Furthermore, osteoclasts could also be significantly influenced by iron overload, which is induced by DM. It’s reported that ROS that arises from iron overload could activate the MAPK pathway, improving the differentiation capability and the bone resorption capacity of osteoclasts in bone metabolism (20). There’s also evidence showed that ferritin autophagy took place when cells were iron-deficient, which makes them more susceptible to ferroptosis caused by intracellular Fe2+ (74, 75) Additionally, Mature osteoclasts require a greater amount of cytoplasmic free iron than other osteocytes. Hence, osteoclasts are more susceptible to ferroptosis (76, 77).
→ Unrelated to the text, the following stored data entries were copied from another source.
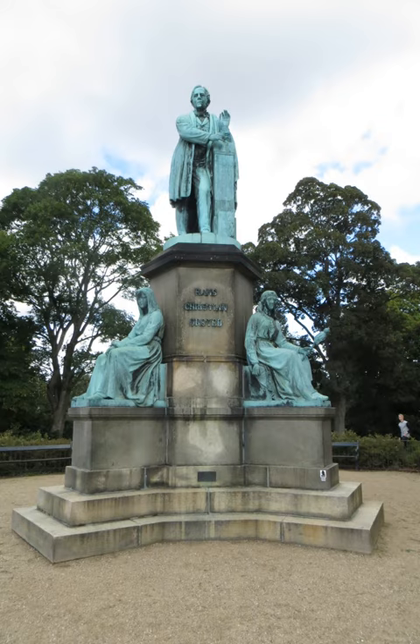The idea for the monument was conceived in early 1860 by Elisabeth Jerichau-Baumann, as mentioned by Hans Christian Andersen in his autobiography. A committee was set up, but it would take 16 years before the monument was inaugurated.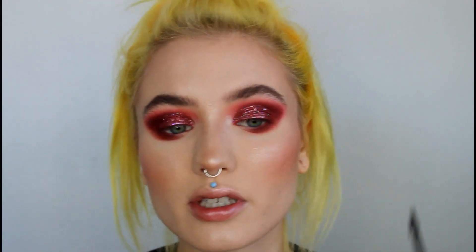My camera cut off, but I was saying this one is also a bit darker, so it gives me some more color variation as well.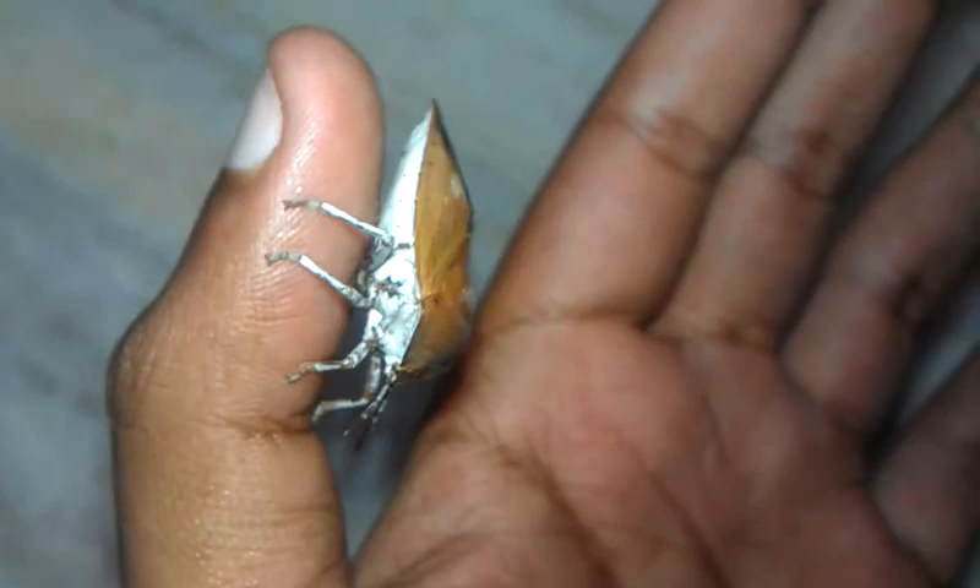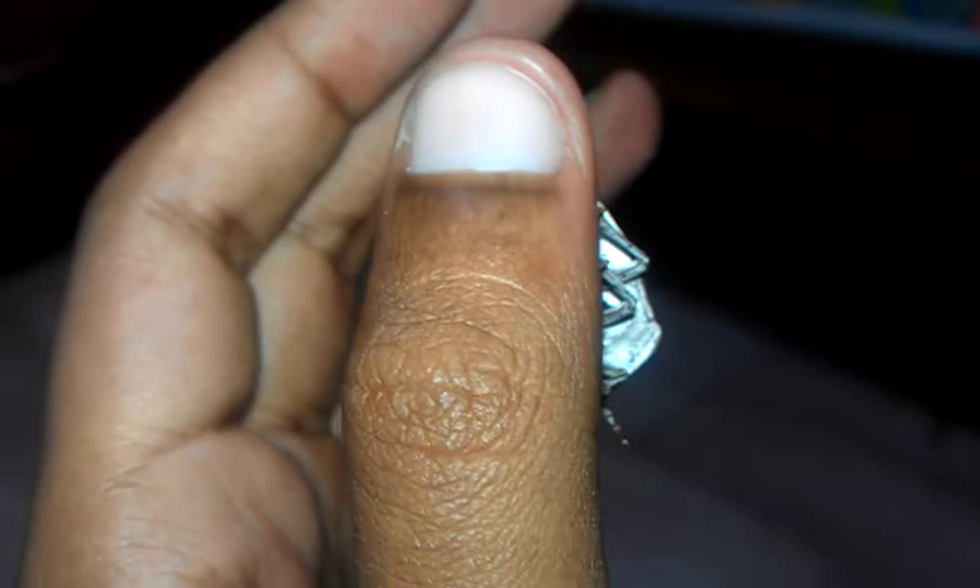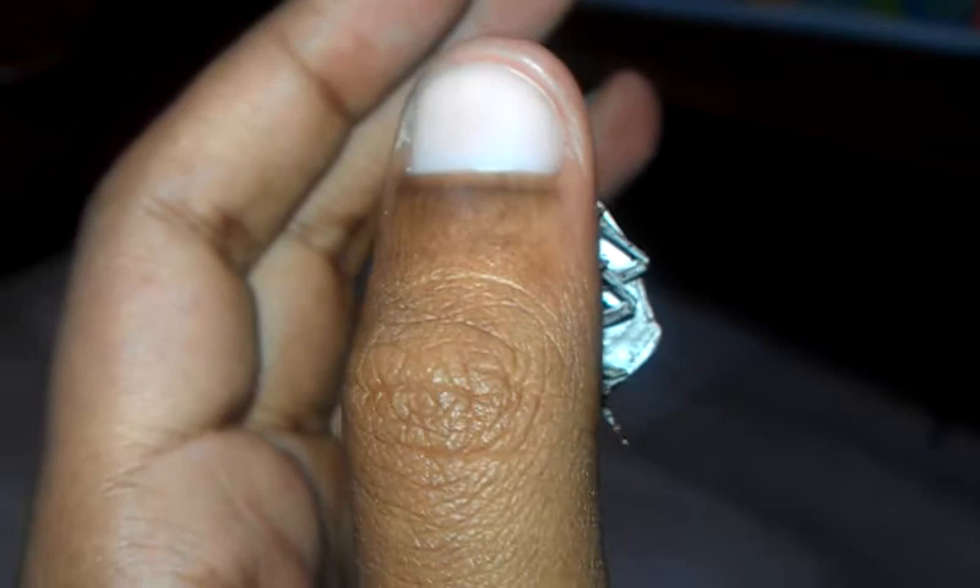The bug has a very strong grip on my fingers — it's not getting away. You can see the tiny small eyes. I'll put it down now.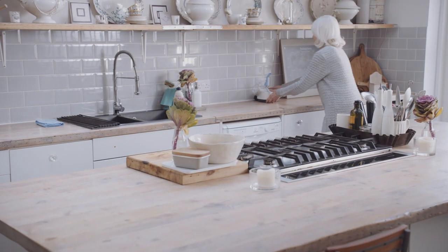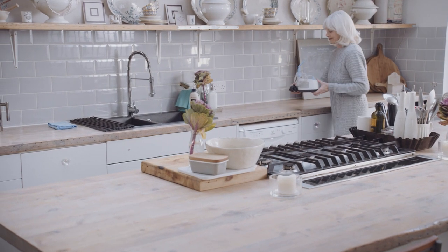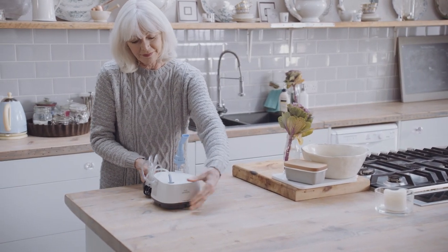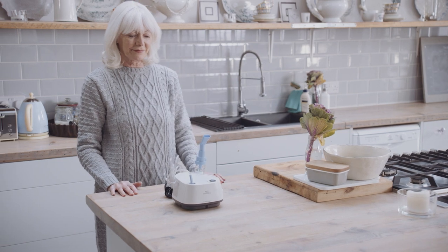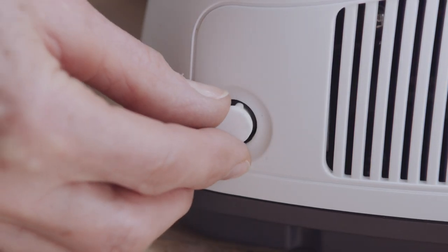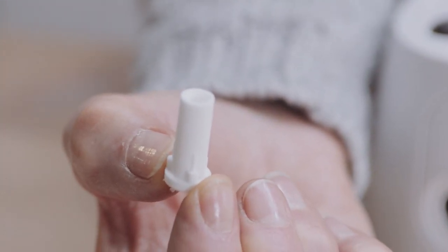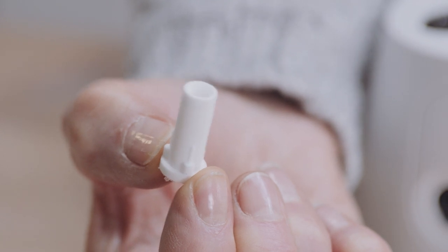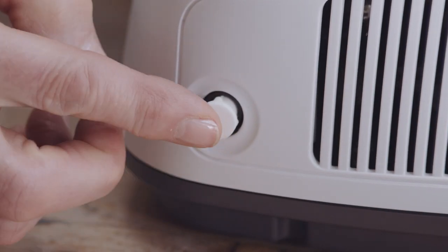Place your Philips Inaspire Elegance Nebuliser Compressor on a firm, flat surface near an electrical outlet, in an area where you can be seated comfortably during your treatment. Check that the filter is not clogged, dirty or wet and replace if necessary. Operating the unit with a dirty filter can impair proper operation and cause damage that's not covered by the warranty.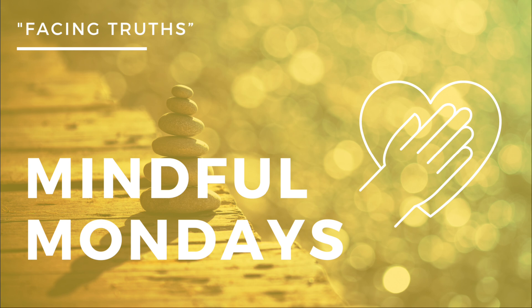Place one hand over your heart and the other over your stomach. Feel the warmth of your hands — a warm, comforting reminder that your truth is safe within you. Breathe deeply into this space. And with each breath, you feel more and more grounded to who you are, a growing strength, a quiet confidence that allows you to move forward, facing the truths in your own life.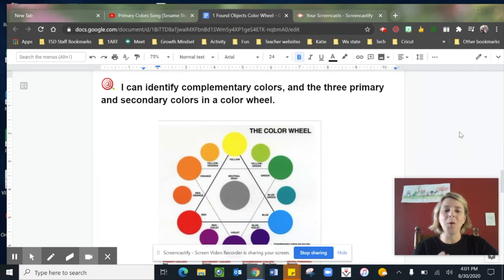Today we're going to create a color wheel, but we're going to make it with objects that we find around our house. We can have several of each color or just one — it's up to you. Possible items might be toys, clothing, food, or tools such as earbuds, hair clips, a stuffed animal, or more.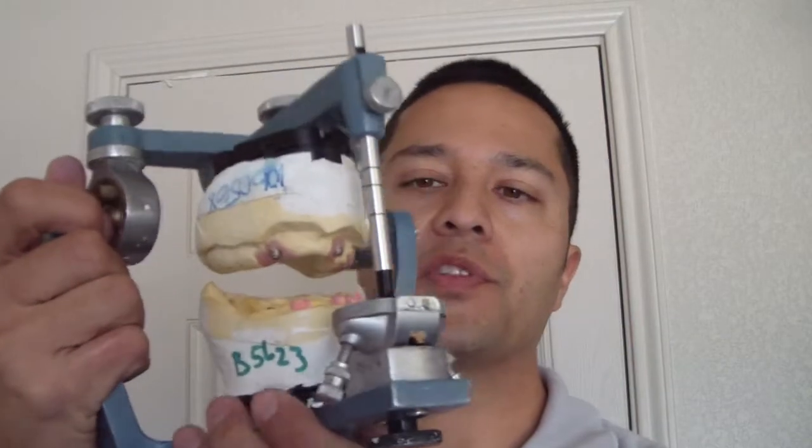Interesting situation — this is approximately a 50-year-old female with a chief complaint of not liking her denture the way it is right now. She relates a history of orthognathic surgery due to a cleft palate, back in the mid-80s, and in the 90s she had a number of implants placed.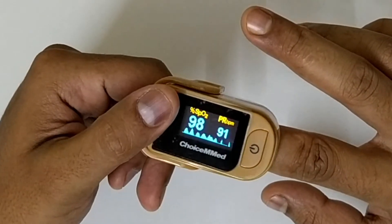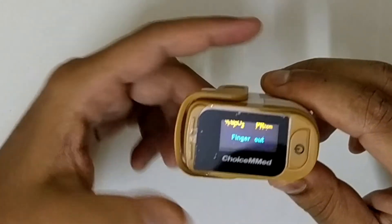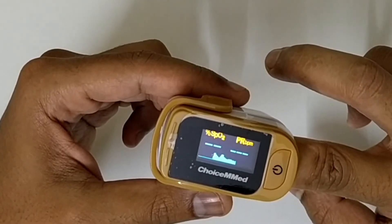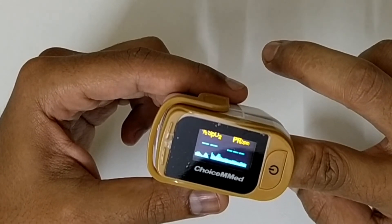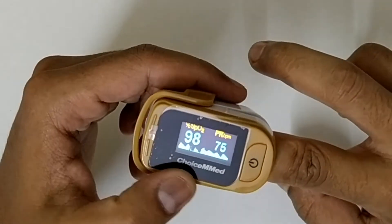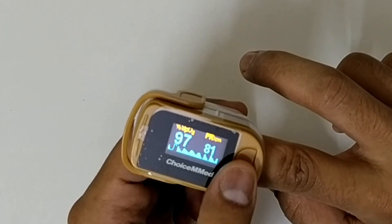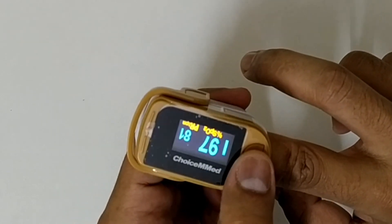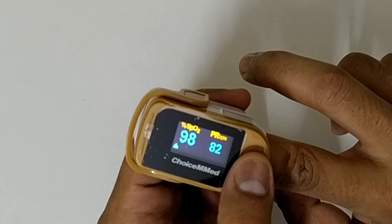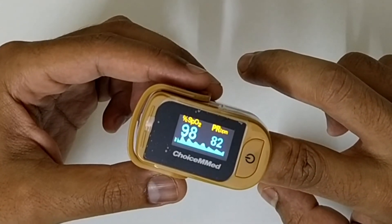As soon as you remove your finger it shows 'finger out,' and as soon as you put it back in it starts reading again within a couple of seconds. It is a live feed, so every few seconds it will update the reading. If you press the button, it will show a different view so you can choose the animation or a different font size.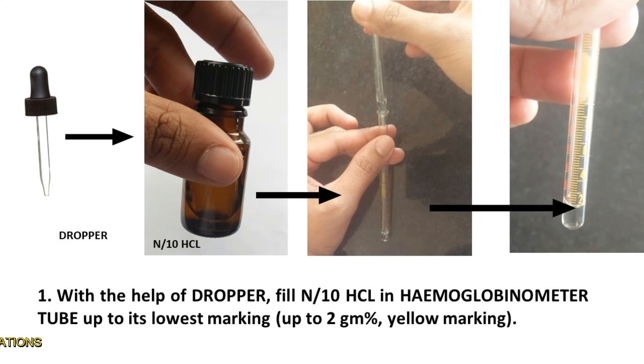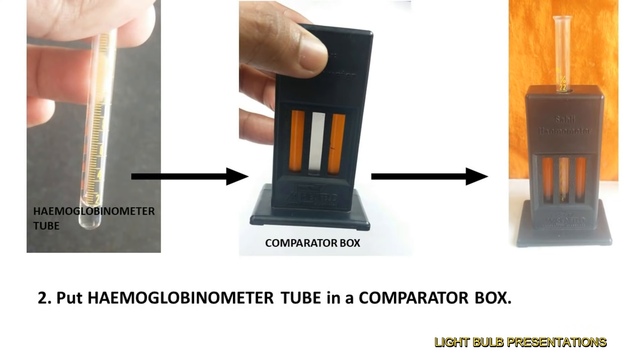Now we begin with the procedure. With the help of a dropper, fill N by 10 HCl in the hemoglobinometer tube up to its lowest marking, which means up to the 2 gram percentage yellow marking. Then put the hemoglobinometer tube in the comparator box.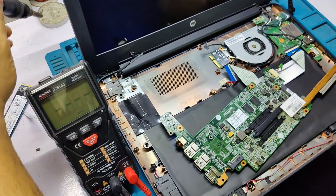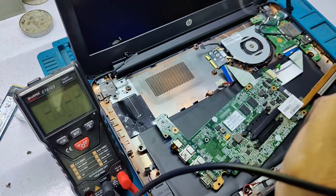If you don't have this IC, you can jumper this IC.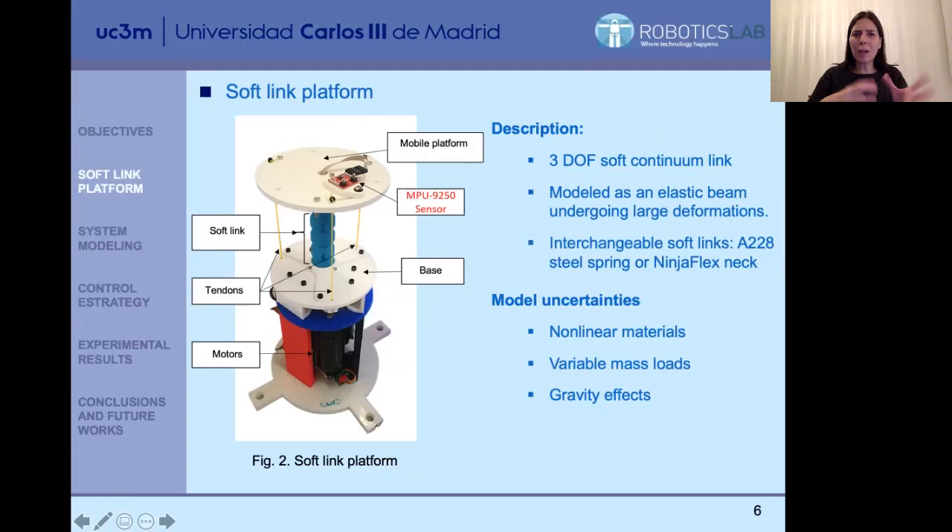Here you have a picture of the platform. This is a quite simple one in which you can see the soft link, which is made of a NinjaFlex material with a 3D printer. We have the top base, the top platform, and the base space. We have three tendons which are activated with three motors. Controlling the angular position of each motor changes the length of each tendon, and we can finally achieve a particular orientation and inclination of the neck.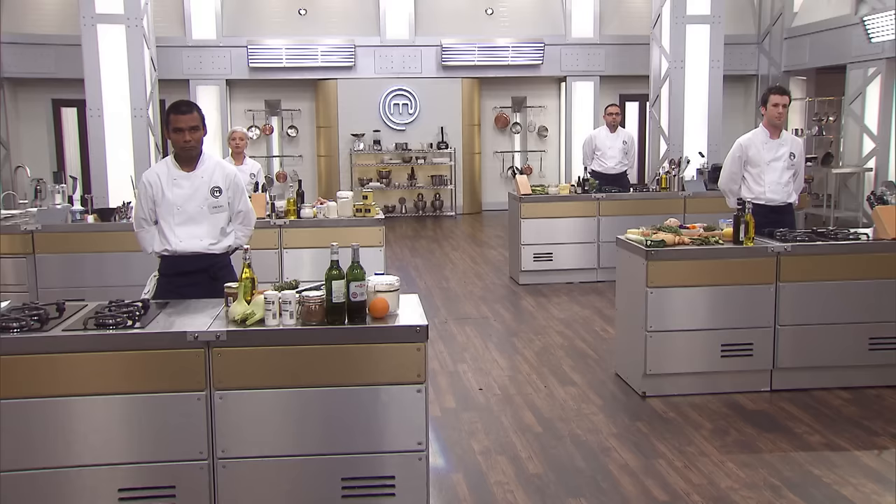Two classic tests, we said — that was the first one. Now time for the second one before we decide who's going home. Now it's your turn to cook your own classic dish, playing to your strengths — a dish that you should know, a dish that will show off your skills. You've got an hour, off you go.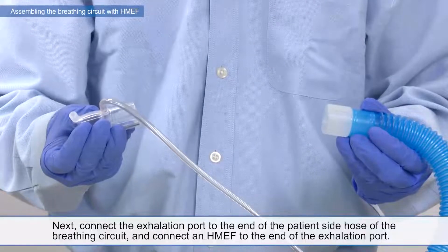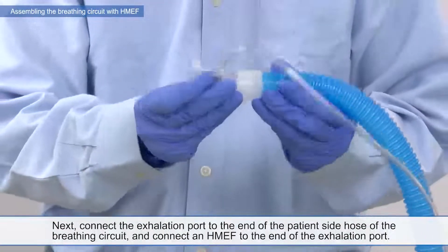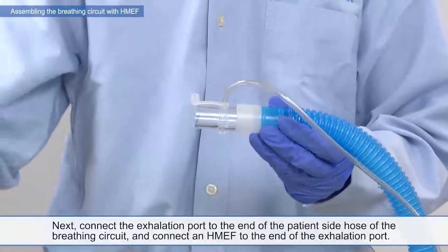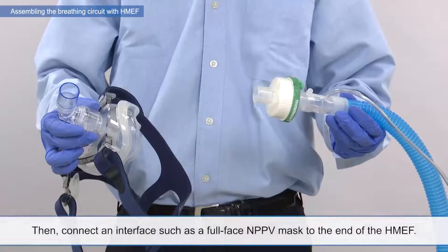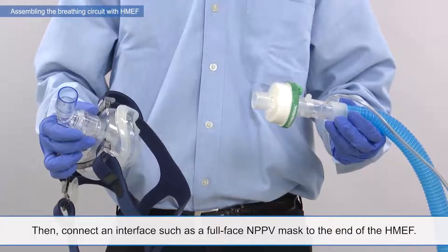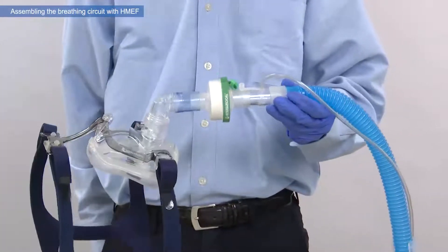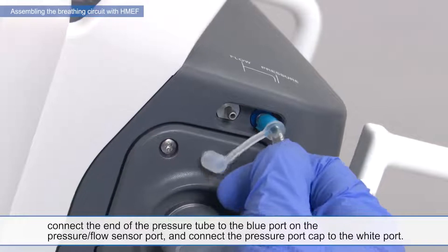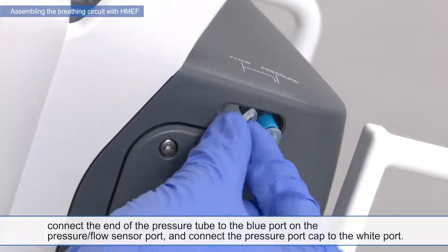Next, connect the exhalation port to the end of the patient side hose of the breathing circuit. And connect an HMEF to the end of the exhalation port. Then, connect an interface such as a full-face MPPV mask to the end of the HMEF. On the right side panel of the ventilator, connect the end of the pressure tube to the blue port on the pressure flow sensor port. And connect the pressure port cap to the white port.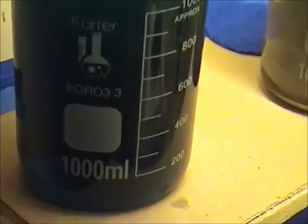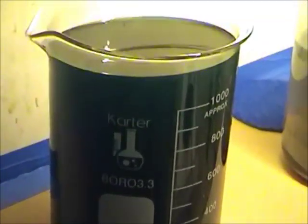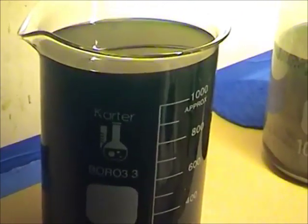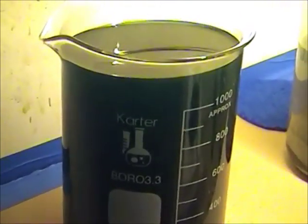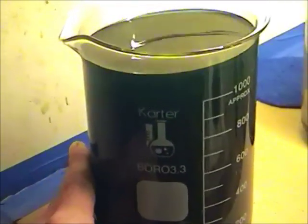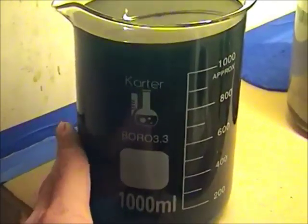What I have here is some of our solution that we've already filtered. It's a nice blue color and it has no particulate left in it. I've tested it with salt water and it tests negative for silver. So we have a total reduction.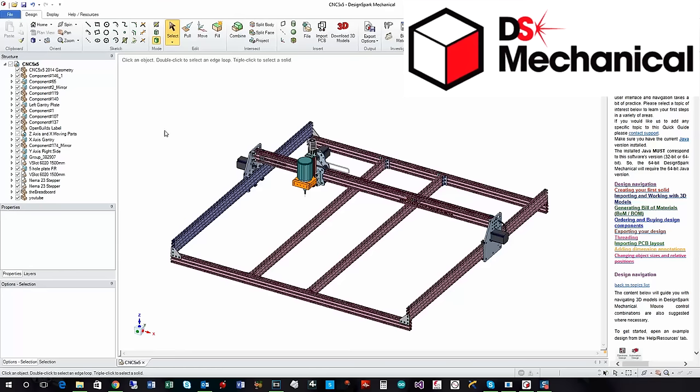Hi, before we begin with the main construction, I just wanted to have a quick run through the 3D design model that I had built using DesignSpot Mechanical from RS Components.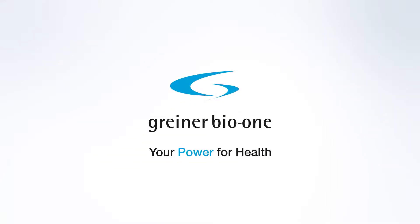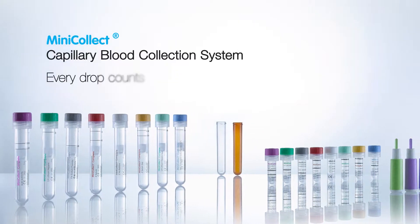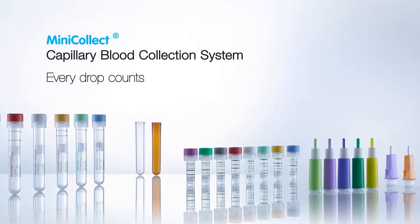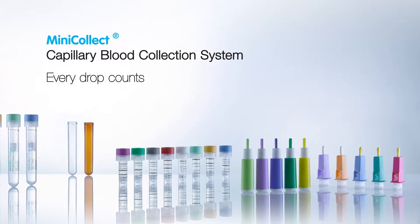Greiner Bio 1 presents the MiniCollect Capillary Blood Collection System. Every drop counts. Venipuncture is not always an option. That is why we have developed an innovative capillary blood collection system to test a wide range of parameters.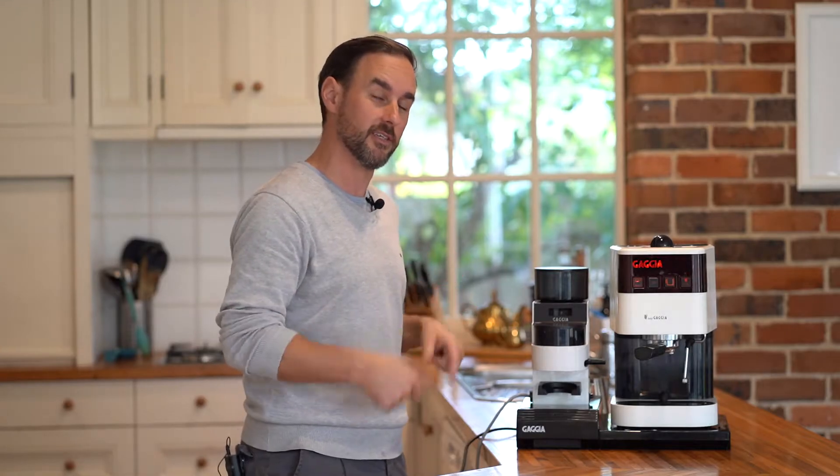It's got a lot of good internals — basically you've got a Gaggia Classic sitting inside of this plastic lining. So why don't we dive in and have a look at this.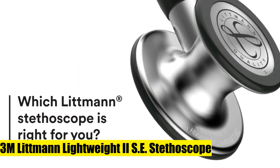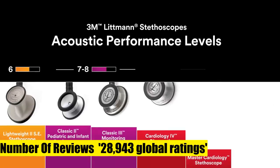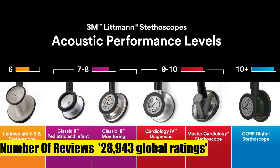3M Littmann Lightweight 2SE Stethoscope, Caribbean Blue Tube, 28-inch. Lightest weight of all Littmann adult stethoscopes at just 118 grams.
In summary, it implies that the HG condition can influence osteoclast activity, which may result in aberrant bone metabolism and osteoporosis.
3.4. Osteocytes in HG condition
Osteocytes are terminally developed osteoblasts that undergo substantial morphological changes when embedded in the mineralized bone matrix. It plays a key function throughout the homeostasis regulation of bone, with a main function to communicate with the surrounding environment (78, 79): (a) their numerous dendritic processes that protrude from the osteocyte soma in all directions and enter the ‘canaliculi’, which are tiny passageways by which the osteocytes could connect with other osteocytes and cells in the bone marrow or periosteum; (b) osteocytes in the interstitial tissue of the lacunar-canalicular structure come into touch with liquid, which enables these cells to function well. Consequently, the osteocyte lacunar-canalicular network provides a vast system that could detect changes in bone loading and regulate bone remodeling for the healthy skeleton, with the collaboration of other bone cells’ (osteoblasts and osteoclasts) activities (80).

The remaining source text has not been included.